Drone cinematography reaches new heights
A team of researchers from MIT’s Computer Science and Artificial Intelligence Laboratory (CSAIL) and ETH Zurich hope to make drone cinematography more accessible, simple, and reliable.
At the International Conference on Robotics and Automation later this month, the researchers will present a system that allows a director to specify a shot’s framing — which figures or faces appear where, at what distance. Then, on the fly, it generates control signals for a camera-equipped autonomous drone, which preserve that framing as the actors move.
As long as the drone’s information about its environment is accurate, the system also guarantees that it won’t collide with either stationary or moving obstacles.
“There are other efforts to do autonomous filming with one drone,” said Daniela Rus, an Andrew and Erna Viterbi Professor of Electrical Engineering and Computer Science at MIT and a senior author on the new paper. “They can follow someone, but if you turn 180°, then you will show your back to the drone.

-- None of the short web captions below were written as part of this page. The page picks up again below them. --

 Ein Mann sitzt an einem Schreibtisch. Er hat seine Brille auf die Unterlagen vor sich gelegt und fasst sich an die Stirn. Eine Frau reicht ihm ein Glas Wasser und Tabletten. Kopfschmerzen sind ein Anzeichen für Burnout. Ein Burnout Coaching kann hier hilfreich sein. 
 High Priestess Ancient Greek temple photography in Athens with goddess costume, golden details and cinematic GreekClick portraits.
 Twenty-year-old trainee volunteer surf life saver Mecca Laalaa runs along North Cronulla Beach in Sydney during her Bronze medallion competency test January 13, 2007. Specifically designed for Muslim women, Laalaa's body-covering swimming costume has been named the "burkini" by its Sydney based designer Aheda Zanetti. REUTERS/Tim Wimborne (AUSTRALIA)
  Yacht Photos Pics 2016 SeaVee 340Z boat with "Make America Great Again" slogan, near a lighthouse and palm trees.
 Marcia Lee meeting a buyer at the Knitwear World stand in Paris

This is a much coarser approach than what we are able to do. With our solution, if you turn 180°, our drones are able to circle around and get back to your face. What we are able to do is richer and offers more ways to describe how you would like the scene.”
Joining Rus on the paper are Javier Alonso-Mora, who was a postdoc in her group when the work was done and is now an assistant professor of robotics at the Delft University of Technology; Tobias Nägeli, a graduate student at ETH Zurich and his advisor Otmar Hilliges, an assistant professor of computer science; and Alexander Domahidi, CTO of Embotech, an autonomous-systems company that spun out of ETH.
In the picture
With the new system, the user can specify how much of the screen a face or figure should occupy, what part of the screen it should occupy, and what the subject’s orientation toward the camera should be — straight on, profile, three-quarter view from either side, or over the shoulder. Those parameters can be set separately for any number of subjects; in tests at MIT, the researchers used compositions involving up to three subjects.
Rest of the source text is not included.